Oh yes, this is very true. FWC does have a track record of arresting people from social media/forum posts!


----------



## 153 Large fish (Nov 30, 2013)

Sorry guys I didn't want to mention that I caught half the mangroves while sheepshead fishing in the pass...went to pick my son up and used our last bait at the rocks at the entrance to Bayou Grande...it's a lil mangrove snapper honey hole that I didn't want all of the Gulf Coast to know about, but to stop a PFF witchunt, manhunt and full blown PFF investigation..there it is...stop and catch your limit on the way out....


----------



## lees way2 (Oct 7, 2007)

He has over 1500 post, if you assume something that could get ya. The man knows what he is doing if ya dont like it pm him or call the grouper troopers and let them know. O yea I forgot they already know. Ps keep on catching and ill buy the bait for a ride.


----------



## jaster (Oct 7, 2007)

I dont own a boat, nor do I even know the spot, lol. I was just trying to look out for a fellow fisherman. Tightlines and keep on catching!!


----------



## 153 Large fish (Nov 30, 2013)

John W said:


> Good work man. I was the guy in the jon boat next to you. Good to see some of those sheeps finally started biting.
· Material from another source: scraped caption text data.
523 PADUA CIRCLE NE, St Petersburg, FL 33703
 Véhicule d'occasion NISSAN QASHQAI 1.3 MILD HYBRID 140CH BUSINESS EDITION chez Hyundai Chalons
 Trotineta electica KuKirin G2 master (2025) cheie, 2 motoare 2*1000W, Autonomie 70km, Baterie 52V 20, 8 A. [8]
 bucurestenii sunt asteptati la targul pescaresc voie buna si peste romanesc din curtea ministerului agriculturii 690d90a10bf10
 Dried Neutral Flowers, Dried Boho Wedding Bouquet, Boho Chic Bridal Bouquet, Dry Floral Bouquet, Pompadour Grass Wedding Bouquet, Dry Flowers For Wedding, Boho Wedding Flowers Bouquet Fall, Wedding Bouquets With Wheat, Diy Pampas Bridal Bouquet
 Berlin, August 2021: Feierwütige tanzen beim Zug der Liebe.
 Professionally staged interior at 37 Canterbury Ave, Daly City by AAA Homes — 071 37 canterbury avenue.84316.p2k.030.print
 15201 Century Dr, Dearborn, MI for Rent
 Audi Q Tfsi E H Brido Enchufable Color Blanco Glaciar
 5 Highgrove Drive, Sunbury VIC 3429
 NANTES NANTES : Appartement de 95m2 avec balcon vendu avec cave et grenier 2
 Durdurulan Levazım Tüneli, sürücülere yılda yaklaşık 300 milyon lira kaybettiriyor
Good to meet you Buddy...now im about to bite the sheeps back lol!...


----------



## 153 Large fish (Nov 30, 2013)

*the boys enjoying today's catch*

Can you tell which one the fisherman is....looks like a lotta folks when you pull up on thier spot...lol


----------



## 153 Large fish (Nov 30, 2013)

jaster said:


> I dont own a boat, nor do I even know the spot, lol. I was just trying to look out for a fellow fisherman. Tightlines and keep on catching!!


Oh no problem Brother, that's how people learn on the forum...I always look up the regulations on my phone when I don't know while on the water...I would never risk breaking the law in my favorite sport... I completely believe in consevation and support the Biologists and officers who set and enforce the regulations...I would like to see all species thrive...I had no problem with the questions/comments because I may have asked myself...anyway good fishin buddy!


----------



## 153 Large fish (Nov 30, 2013)

LIM-IT-OUT said:


> Pa-Pow
> 
> What time is the cook out?


Just missed it lol...


----------



## 49913 (Apr 18, 2014)

153 Large fish said:


> Headed out to the pass this morning to hunt some Sheepshead and found a nice surprise, a whole buncha black snapper!...can you get much better eating?!...Anyway I fished with my 5 year old today till the bait ran out...
> 
> The Sheeps are still on structure as far as I could tell...There are more and more boats showing up for the Sheep run!...Remember some folks drift, some folks anchor, some folks I pilot or hand troll...Every boat has to do different things to get on fish...and there's only so much structure, so try and be patient with other boats...there's room for everyone if we just be cool...
> 
> Time for a fish fry! ....Good fishin Yaw!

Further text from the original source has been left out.